We don't have any close mutual friends, except the people at the non-profit. I wish I could ask them, but it might be weird.
------------------It's a small town wedding with reception in the town hall. I just emailed her asking how many people have RSVP'd. Maybe I'll email her about the cake cutting. I'd would be nice to know what to wear (wedding attire or not) and how long I need my babysitter! It's not like I can run home and change.
I've been following this thread hoping that it all works out, without any hurt feelings on your side. [I've quoted each of your posts above to make sure I didn't lose any of your comments in the body of the thread.] I hope your husband is correct, but it certainly could go either way. You offered with affection and pride to invest the time and $$ needed to do a wedding cake for a former acquaintance/friend. You assumed that since it was made clear that the cake was a gift, free and clear, that you and your husband would be invited.
I would suggest that 4 weeks out from the wedding that the "awkward phase" has passed and you need a distinct answer, potential hurt feelings or not. Since there has been no written invitation on her part, I think your concern:
" I just think her and I are both going to feel bad about this." has already happened. I would simply ask if you and your husband have been invited. Not being clear is what is causing the current problem.
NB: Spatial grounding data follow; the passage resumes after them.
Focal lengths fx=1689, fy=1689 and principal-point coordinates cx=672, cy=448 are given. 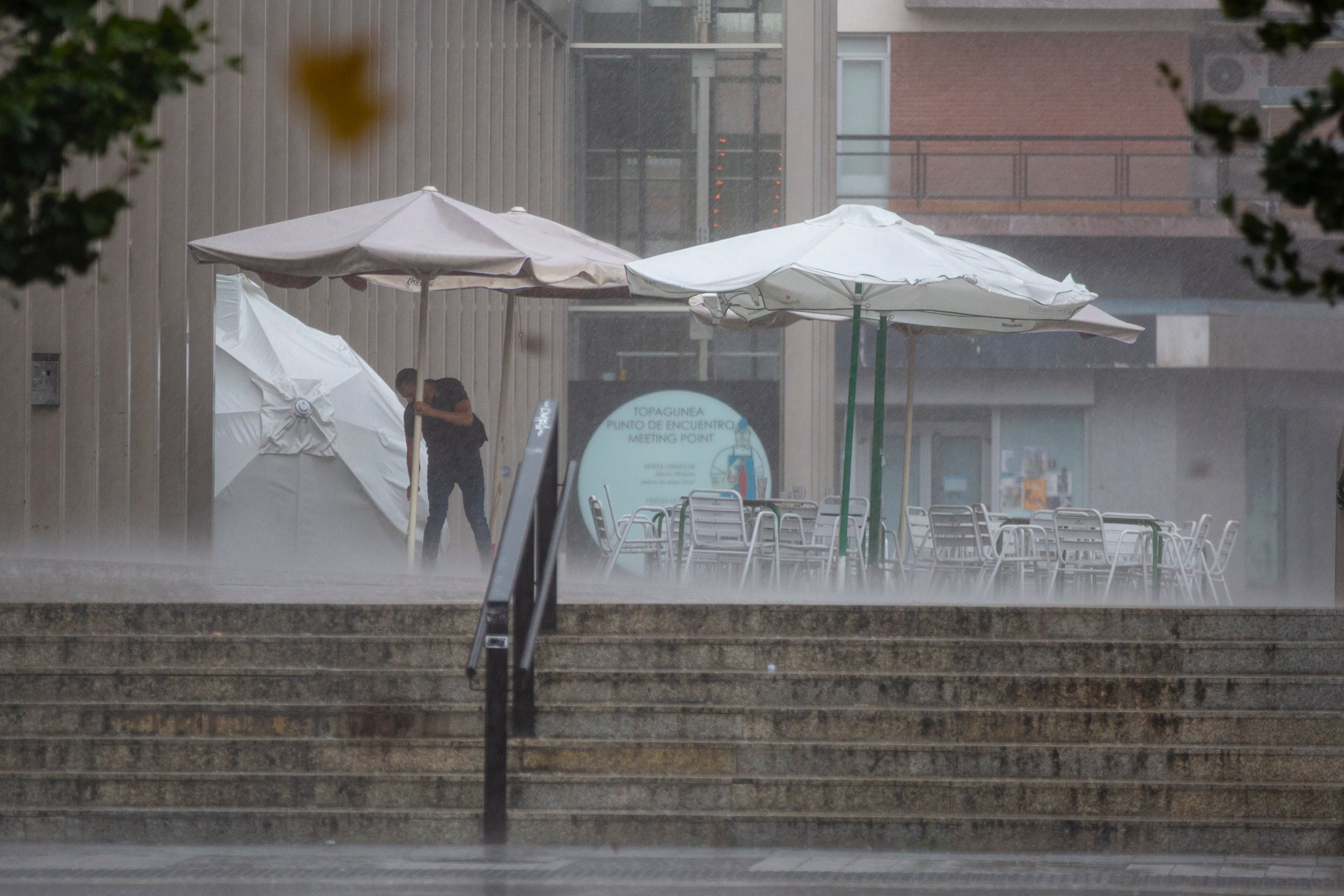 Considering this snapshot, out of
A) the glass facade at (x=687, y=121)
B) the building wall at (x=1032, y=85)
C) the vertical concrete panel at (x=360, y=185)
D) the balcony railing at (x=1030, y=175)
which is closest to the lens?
the vertical concrete panel at (x=360, y=185)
If she says, "No", then you may not wish to stay and cut the cake. If you offer to cut the cake before you find out, and THEN learn you are NOT invited, THAT would be "awkward".
4 weeks out is plenty of time to ask. I suggest a combination of BlakesCakes suggestion and my suggestion. The statements are clear, unambiguous and will tell you what you must know.
I would merely telephone (no email)--NOW--and ask a pertinent cake/delivery question, and then say:
"I need to firm up plans for your wedding day. Should I plan on wearing casual clothes to deliver and set-up the cake, or will my husband and I need to have a change of formal wedding attire to change into after the cake delivery. I realized that we're very close to the day and I haven't received an invitation in the mail with an RSVP card. I'm sure that other vendors need final head counts. Are DH & I invited to the ceremony and reception?"
Wait for her answer.
If yes, then tell her 1 or 2 attending and follow up with an e-mail to that effect. If, "No", then simply say, "Thanks. I'll just plan on wearing casual attire for the delivery and set-up at the venue."
(I sincerely hope that your husband is correct. Best wishes, dear lady.)